VDIV befürwortet die virtuelle Versammlungsmöglichkeit
Der VDIV Deutschland setzt sich von Beginn an für die zusätzliche Option, Eigentümerversammlungen virtuell durchzuführen, ein. Den Gemeinschaften wird damit die Möglichkeit gegeben, schneller als bisher handlungsfähig zu sein. Der durch die Corona-Pandemie ausgelöste digitale Schub zeigt die hohe Akzeptanz dieser virtuellen Formate. Mobilitätseingeschränkte Personen, Alleinerziehende oder Besitzer*innen von vermieteten Wohnungen und Ferienunterkünften könnten sich zudem zuschalten, diskutieren und beschließen. Beschlüsse könnten damit durch eine viel größere Anzahl an aktiven Eigentümer*innen getragen und auf eine breitere Basis gestellt werden. Aber auch die Gruppe derjenigen, die bislang ungeübt mit dem Internet sind, wird nicht in ihrem Versammlungsrecht beschnitten. Vielmehr bleiben die Informationspflicht und Vollmachtausübung weiterhin erhalten. Zudem besteht die komfortable Möglichkeit, gemeinsam mit einem anderen Eigentümer online dabei zu sein, wie es der Gesetzentwurf vorsieht.
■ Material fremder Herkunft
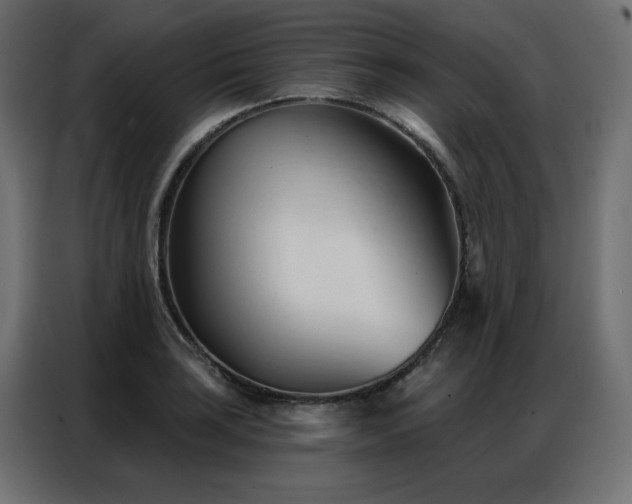 X0000086901035200704161310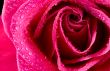 Wet rose 2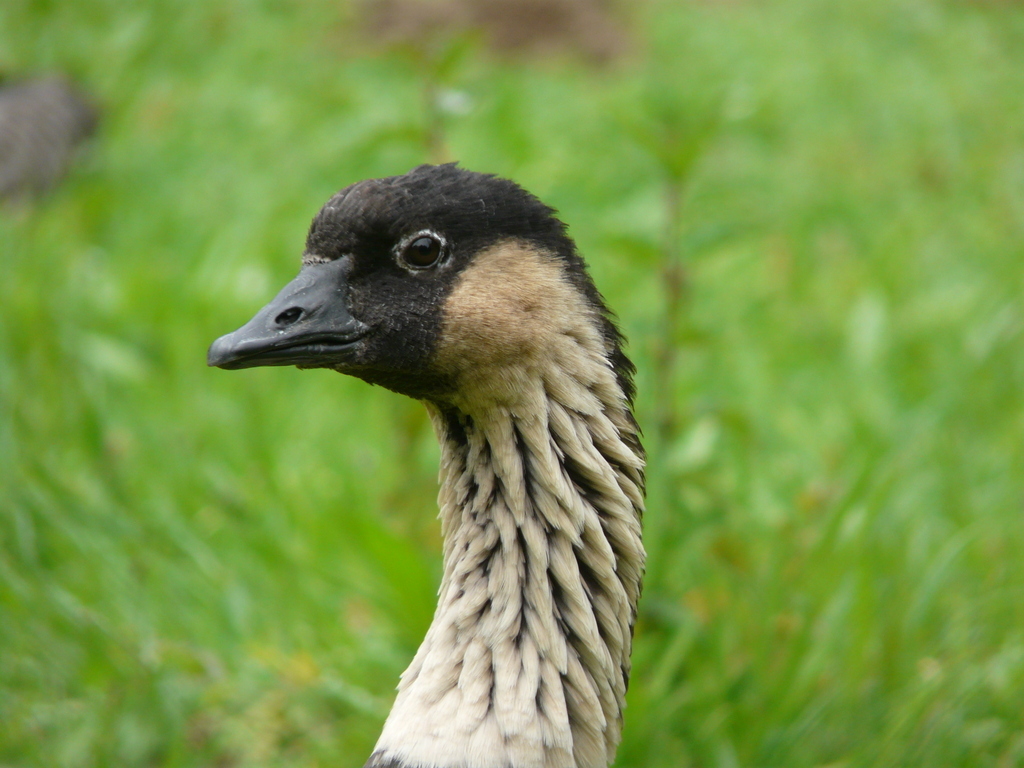 Image of Hawaiian Goose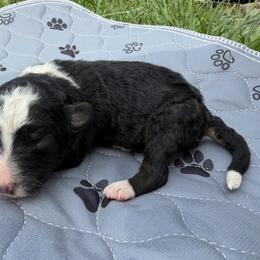 Navy - Blue - Black and white male Aussiedoodle puppy in Eolia, Missouri from Barefoot Kennel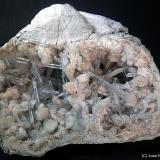 Celestina<br />Yacimiento de Celestinas, Torà, Comarca Solsonès, Lérida / Lleida, Cataluña / Catalunya, España<br />9 x 7 cm<br /> (Autor: Joan Niella)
Zukünftig werden Gemeinschaften mit ihren Immobilienverwaltungen wohl auch unterjährig häufiger Entscheidungen treffen müssen, um u. a. gesetzliche Anforderungen erfüllen zu können. Die virtuelle Eigentümerversammlung kann daher eine wichtige Option sein, um künftige Herausforderungen im Wohnungseigentum zu meistern und dem Fachkräftemangel zu begegnen. Schon heute fehlt es an Personal, sodass viele Verwaltungen gezwungen sind, sich von Gemeinschaften zu trennen und/oder keine neuen Gemeinschaften annehmen Ein virtuelles Abstimmungstool würde einiges erleichtern.
Im Unterschied zur bisherigen Präsenzversammlung, ermöglicht die neue Versammlungsform, auch kurzfristige Reaktionen, wie zum Beispiel auf zeitlich befristete Förder- und Zuschussprogramme und ein einfacheres Zusammenkommen zwischen Gemeinschaft und Verwaltung, indem größerer organisatorischer Aufwand vorab entfällt.